SOURCE RECORDS »
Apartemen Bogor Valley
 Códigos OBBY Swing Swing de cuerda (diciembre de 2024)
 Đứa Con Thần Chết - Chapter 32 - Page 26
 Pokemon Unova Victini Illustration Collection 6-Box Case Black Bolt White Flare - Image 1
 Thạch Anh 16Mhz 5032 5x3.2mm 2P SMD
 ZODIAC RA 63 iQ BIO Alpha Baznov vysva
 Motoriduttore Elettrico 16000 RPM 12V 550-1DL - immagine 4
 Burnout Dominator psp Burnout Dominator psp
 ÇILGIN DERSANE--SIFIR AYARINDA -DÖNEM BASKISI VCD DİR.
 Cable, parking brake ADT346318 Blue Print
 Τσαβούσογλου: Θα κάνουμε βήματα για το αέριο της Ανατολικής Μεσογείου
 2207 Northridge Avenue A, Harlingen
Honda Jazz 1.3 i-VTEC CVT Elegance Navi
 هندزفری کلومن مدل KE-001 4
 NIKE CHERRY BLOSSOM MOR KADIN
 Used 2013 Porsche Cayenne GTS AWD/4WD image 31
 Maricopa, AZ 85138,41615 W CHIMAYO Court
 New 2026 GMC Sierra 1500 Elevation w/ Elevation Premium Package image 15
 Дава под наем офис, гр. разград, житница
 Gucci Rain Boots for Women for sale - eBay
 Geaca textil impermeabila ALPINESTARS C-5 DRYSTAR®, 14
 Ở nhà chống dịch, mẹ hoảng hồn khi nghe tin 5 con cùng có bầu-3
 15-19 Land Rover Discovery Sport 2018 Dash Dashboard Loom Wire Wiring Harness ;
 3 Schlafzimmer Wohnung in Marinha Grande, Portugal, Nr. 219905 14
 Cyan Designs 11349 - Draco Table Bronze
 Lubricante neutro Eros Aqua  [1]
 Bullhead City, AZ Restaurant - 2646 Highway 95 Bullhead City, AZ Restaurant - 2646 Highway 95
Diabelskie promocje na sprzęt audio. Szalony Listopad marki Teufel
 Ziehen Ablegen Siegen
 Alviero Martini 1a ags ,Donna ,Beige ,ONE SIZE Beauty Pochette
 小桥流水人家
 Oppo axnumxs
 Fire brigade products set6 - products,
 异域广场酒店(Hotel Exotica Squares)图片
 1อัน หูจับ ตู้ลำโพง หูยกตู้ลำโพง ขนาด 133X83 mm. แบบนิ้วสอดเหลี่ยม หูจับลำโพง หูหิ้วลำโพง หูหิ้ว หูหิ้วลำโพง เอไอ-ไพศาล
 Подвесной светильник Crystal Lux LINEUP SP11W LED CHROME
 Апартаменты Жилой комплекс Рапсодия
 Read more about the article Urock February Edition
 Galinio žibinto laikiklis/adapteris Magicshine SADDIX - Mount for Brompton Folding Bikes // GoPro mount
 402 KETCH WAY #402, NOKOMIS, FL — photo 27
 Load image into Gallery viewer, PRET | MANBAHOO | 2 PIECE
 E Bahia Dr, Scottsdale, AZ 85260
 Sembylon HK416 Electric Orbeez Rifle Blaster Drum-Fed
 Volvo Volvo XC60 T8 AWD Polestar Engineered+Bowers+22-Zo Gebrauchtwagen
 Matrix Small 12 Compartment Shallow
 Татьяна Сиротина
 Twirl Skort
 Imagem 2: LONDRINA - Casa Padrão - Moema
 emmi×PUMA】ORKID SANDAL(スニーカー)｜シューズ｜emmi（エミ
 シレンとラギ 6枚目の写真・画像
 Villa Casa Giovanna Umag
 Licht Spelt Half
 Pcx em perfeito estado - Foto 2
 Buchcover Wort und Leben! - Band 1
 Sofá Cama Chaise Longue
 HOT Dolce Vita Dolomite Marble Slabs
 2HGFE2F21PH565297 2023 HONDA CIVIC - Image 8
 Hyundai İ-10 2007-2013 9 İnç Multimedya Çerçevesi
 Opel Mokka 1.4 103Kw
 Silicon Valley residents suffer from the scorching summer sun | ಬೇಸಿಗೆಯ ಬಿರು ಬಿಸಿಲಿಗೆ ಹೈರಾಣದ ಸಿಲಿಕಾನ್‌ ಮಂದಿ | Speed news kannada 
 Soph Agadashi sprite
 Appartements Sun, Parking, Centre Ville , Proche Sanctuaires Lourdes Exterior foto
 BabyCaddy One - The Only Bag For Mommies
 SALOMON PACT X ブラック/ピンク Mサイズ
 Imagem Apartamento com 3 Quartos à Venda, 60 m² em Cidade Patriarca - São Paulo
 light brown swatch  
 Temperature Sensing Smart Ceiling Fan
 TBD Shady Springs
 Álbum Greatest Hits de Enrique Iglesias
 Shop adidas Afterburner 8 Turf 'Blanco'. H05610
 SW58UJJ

TASK TO CARRY OUT »
Scan the listing and report each line where the word "Imagem" shows up.

TASK RESULT »
 Imagem 2: LONDRINA - Casa Padrão - Moema
 Imagem Apartamento com 3 Quartos à Venda, 60 m² em Cidade Patriarca - São Paulo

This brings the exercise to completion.